Briefly, the preferred embodiment of the present invention is method and means whereby the available bandwidth in a given carrier is allocated into a quantity of physical channels, and subsets of a plurality of the physical channels are assigned to be what will be referred to herein as "virtual" channels. The concept of a virtual channel will be better understood in light of the detailed description of the invention herein. Briefly, however, according to the present invention a virtual channel is channel in the sense that the data to be communicated is divided into a plurality of essentially parallel data portions, each comprising a virtual channel. In the presently preferred embodiment of the invention, an incoming serial data stream is parsed into a plurality of parallel data streams. A physical channel is the physical medium by means of which data is transmitted. In the best presently known embodiment of the present invention, the example of the physical channels will be divisible portions of the available frequency bandwidth. Accordingly, each of the physical channels will be modulated by a plurality, but not all, of the parallel data streams. At the receiving end, each of the parallel data streams is recovered by separately processing each of the sets of virtual channels. According to the present invention, each of the parallel data streams will be emphasized by summing its respective assigned set, while information relating to other of the parallel data streams which may be contained in some, but not all, of the physical channels in that virtual channel will tend to be self canceling. An advantage of the present invention is that throughput is effectively increased.

A further advantage of the present invention is that signal to noise ratio is effectively increased.
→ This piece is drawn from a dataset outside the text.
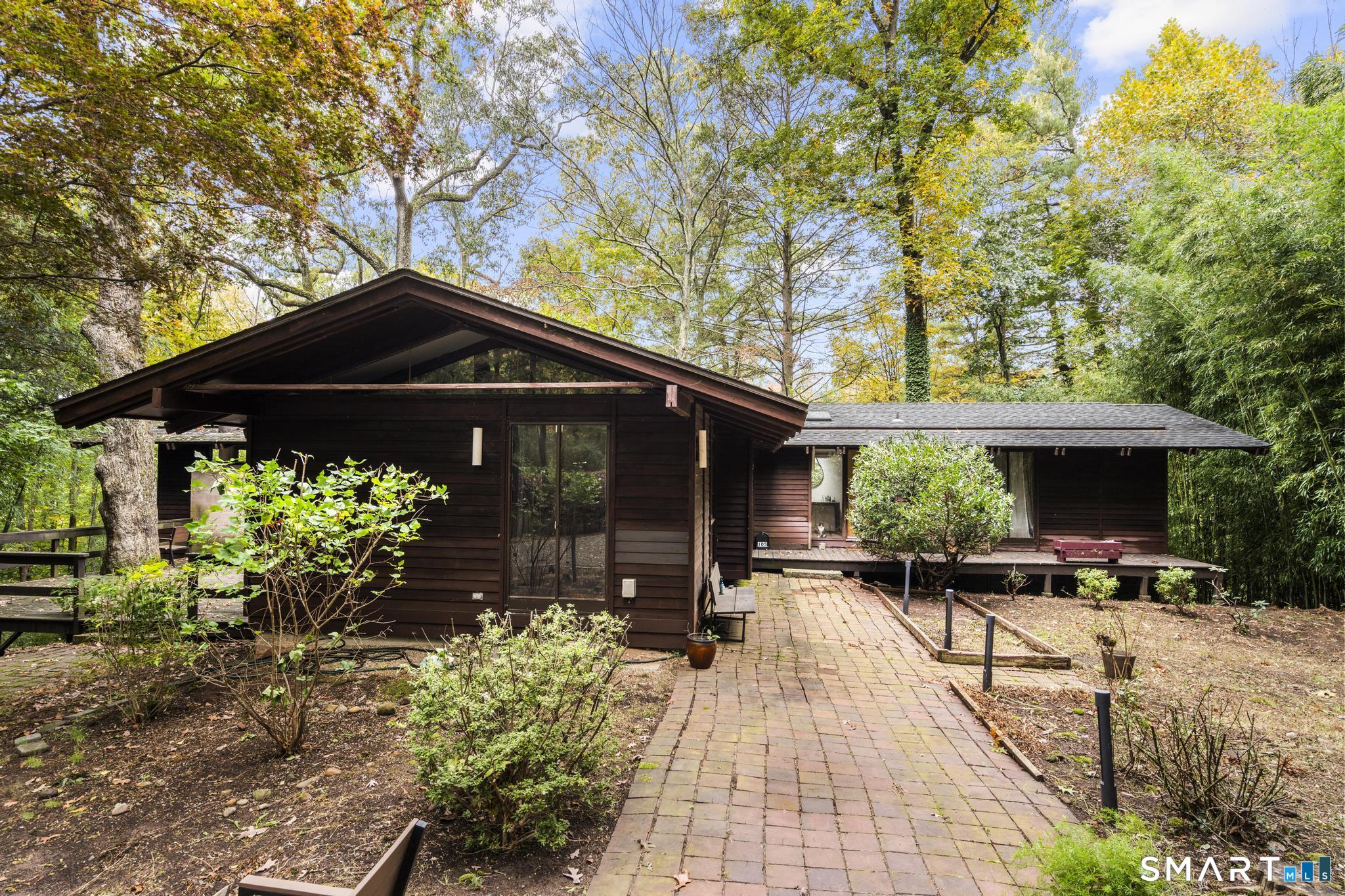 105 Spruce Bank Road, Hamden, CT 06518 | Realty.com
Yet another advantage of the present invention is that it can be used with existing data transmission and carrier means.

Still another advantage of the present invention is that it is relatively easy and inexpensive to implement.

These and other objects and advantages of the present invention will become clear to those skilled in the art in view of the description of the best presently known mode of carrying out the invention and the industrial applicability of the preferred embodiment as described herein and as illustrated in tile several figures of the drawing.

BRIEF DESCRIPTION OF THE DRAWINGS

Figure 1 is a flow diagram depicting some basic operations of the inventive throughput expansion method; Figure 2 is a frequency graph showing the division of an available telephonic frequency spectrum into a plurality of "physical" channels;

Figure 3 is an example of a data stream being parsed into virtual channels; Figure 4 is an example of assignments of physical channels to virtual channels in a single carrier means; and

Figure 5 is a block diagram of an example of a typical encoder and receiver for accomplishing the inventive method of Figure 1.

BEST MODE FOR CARRYING OUT INVENTION The best presently known mode for carrying out the invention is a throughput expansion method for increasing the effective throughput and signal to noise ratio in a given carrier means. The inventive throughput expansion method is depicted in a flow diagram in Figure 1 and is designated therein by the general reference character 10. Figure 2 is a frequency graph depicting an available frequency spectrum 12 in a typical telephonic wire carrier. The throughput expansion method 10 of Figure 1 has a divide frequency spectrum into physical channels operation 14 wherein the available frequency spectrum 12 is divided into a plurality of physical channels 16, with each of the physical channels 16 being a portion of the available frequency spectrum 12. In the example of Figure 2, the available frequency spectrum 12 is shown divided into ten physical channels 16, which are designated as PI through PI 0 in the diagram of Figure 2.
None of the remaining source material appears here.